The command lline window is the "Query Editor". It is hidden by default and can be enabled in the program options menu The HB GUI is just a front end for a command-line program. You can edit the "-O" into this window before starting the encode.


----------



## txporter (Sep 18, 2006)

I am fairly certain that what you are seeing IS related to framerate. A number of us had a discussion a while back about H.264 playback. I think what you are probably seeing is what I was describing as subtitle shimmer. This problem that is very obvious if you have hardcoded subtitles but it also exists without them, it is just harder to spot. I am not positive on this since I do not have a S3 OLED, but I saw this on my TivoHDs. It is still there on my Premiere, but more muted and not so intermittent as it was on the TivoHD. I still see slight shimmering of subs with H.264 shows running at 23.976fps, but it is consistent and less pronounced.

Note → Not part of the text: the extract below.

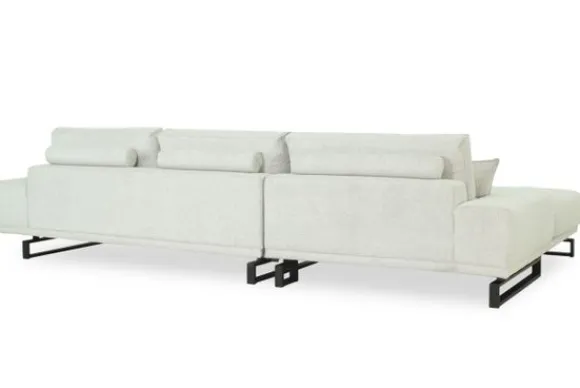 Discount Loungebank Amarillo II Loungebanken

Shows running higher framerates (59.94fps for sure and I think 29.97fps/25fps as well) do not show the shimmering.

For the -O parameter that dlfl is talking about, I think you need to check the Web Optimized radio button. That just moves the moov atom to the beginning of the video stream. It will be fixed by pytivo anyways and is not related to your problem.

I noted before that my shimmering subtitle problem was less obvious for larger frame video (720p or 1080i). I am not sure why that is, but the fact that you seemed to sense less stutter issue further makes me believe we are talking about the same thing.

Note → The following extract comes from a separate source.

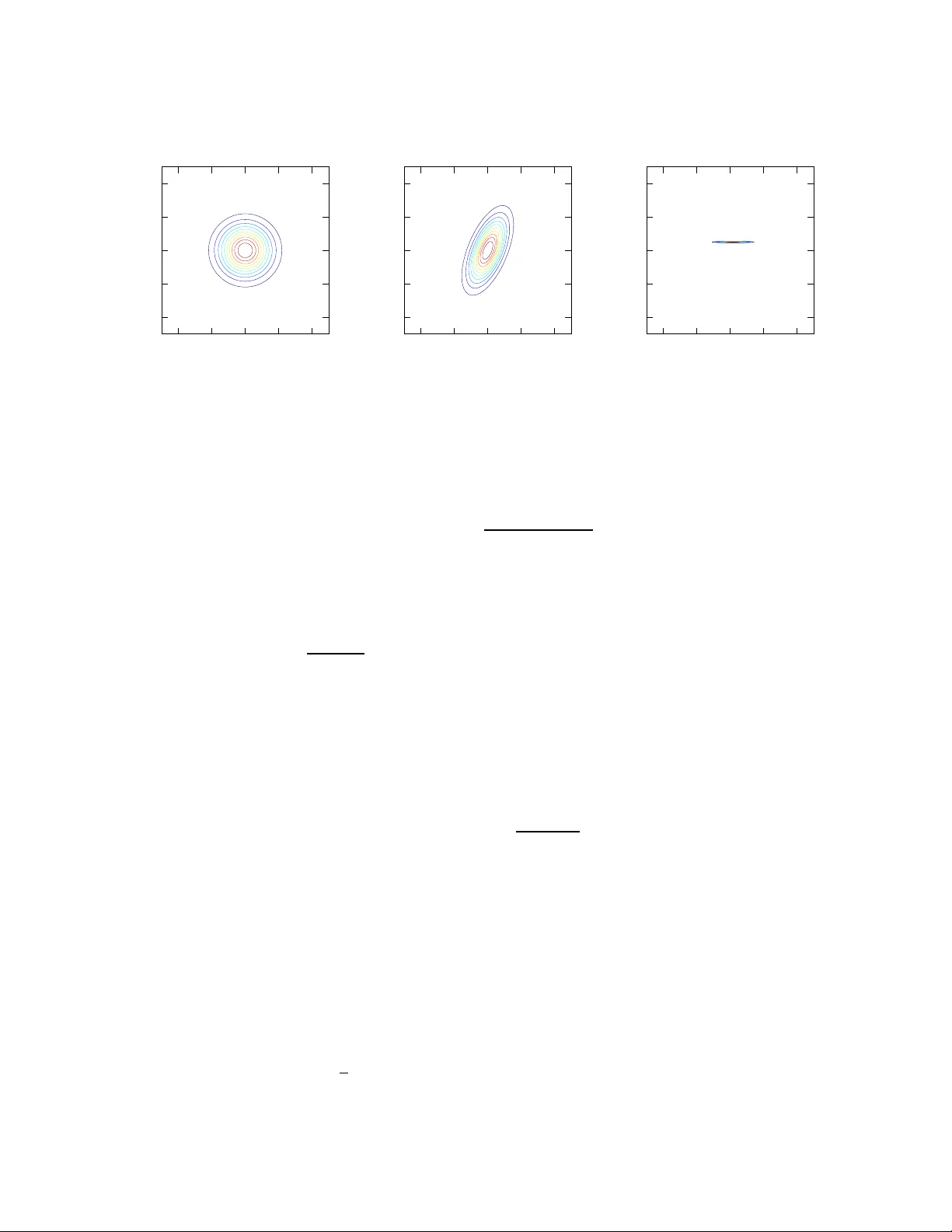 Entropic Priors and Bayesian Model Selection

If you take one of your handbrake 23.976fps (or same as source) video and PULL it up to your tivo (rather than push), do you notice the same stuttering? In my experience, even at the same framerate, MPEG2 playback is more stable than H.264.

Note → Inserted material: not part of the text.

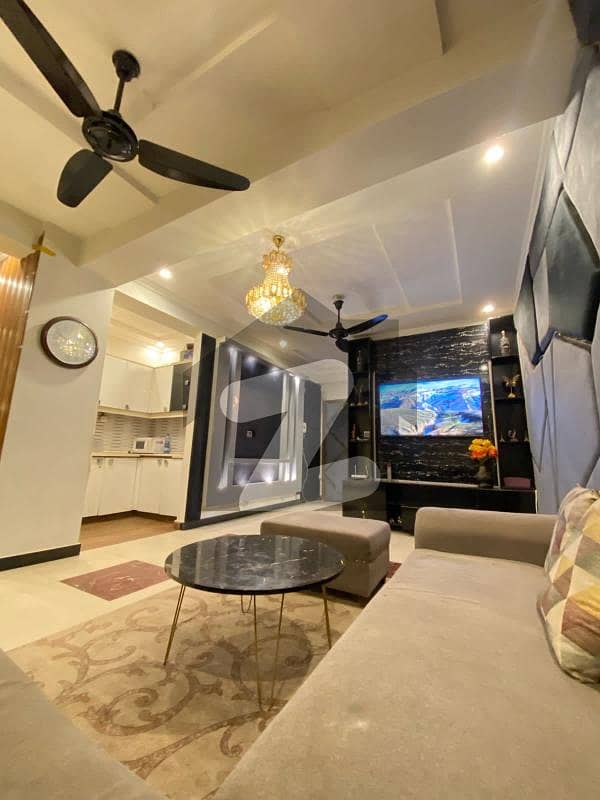 E-11/4 Makkah Tower 2 bedroom apartment available for sale. E-11/4 Makkah Tower 2 bedroom apartment available for sale.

edit: I just re-read your OP and see that you are using Streambaby. Do you have pytivo set up? H.264 decoding is the same whether you stream or transfer video, but pytivo has ffmpeg built-in so transcoding back to MPEG2 is easier.


----------



## Stuxnet (Feb 9, 2011)

On an mp4 (264) converted from DVD, I saw this effect on a scene focused on a house as a bicyclist passes by... the bicycle's action stutters while the background remains stable. The odd thing is that I previously used the same settings converting another DVD with lots of motorcycle action, and there was no jumpiness in the actions shots. 

Both DVDs were ripped with DVDFab and converted to mp4 with RipBot, and then pushed w/pytivo. Out of curiosity I pushed the vobs of the "jumpy" video w/pytivo, and saw no stuttering/jumpiness in the same frames.

I'm guessing here, but I wonder if there are artifacts from the DVD encryption process that interfere with the mp4 process... cause otherwise I'm stumped. I'll try the "-O" option w/HB and see if things improve.


----------



## rfryar (Feb 15, 2008)

Stuxnet said:


> I'm guessing here, but I wonder if there are artifacts from the DVD encryption process that interfere with the mp4 process... cause otherwise I'm stumped. I'll try the "-O" option w/HB and see if things improve.


Check your Source DVD if it is interlaced content. If so that is the issue as DVDFab has issues auto deinterlacing in some of the recent builds.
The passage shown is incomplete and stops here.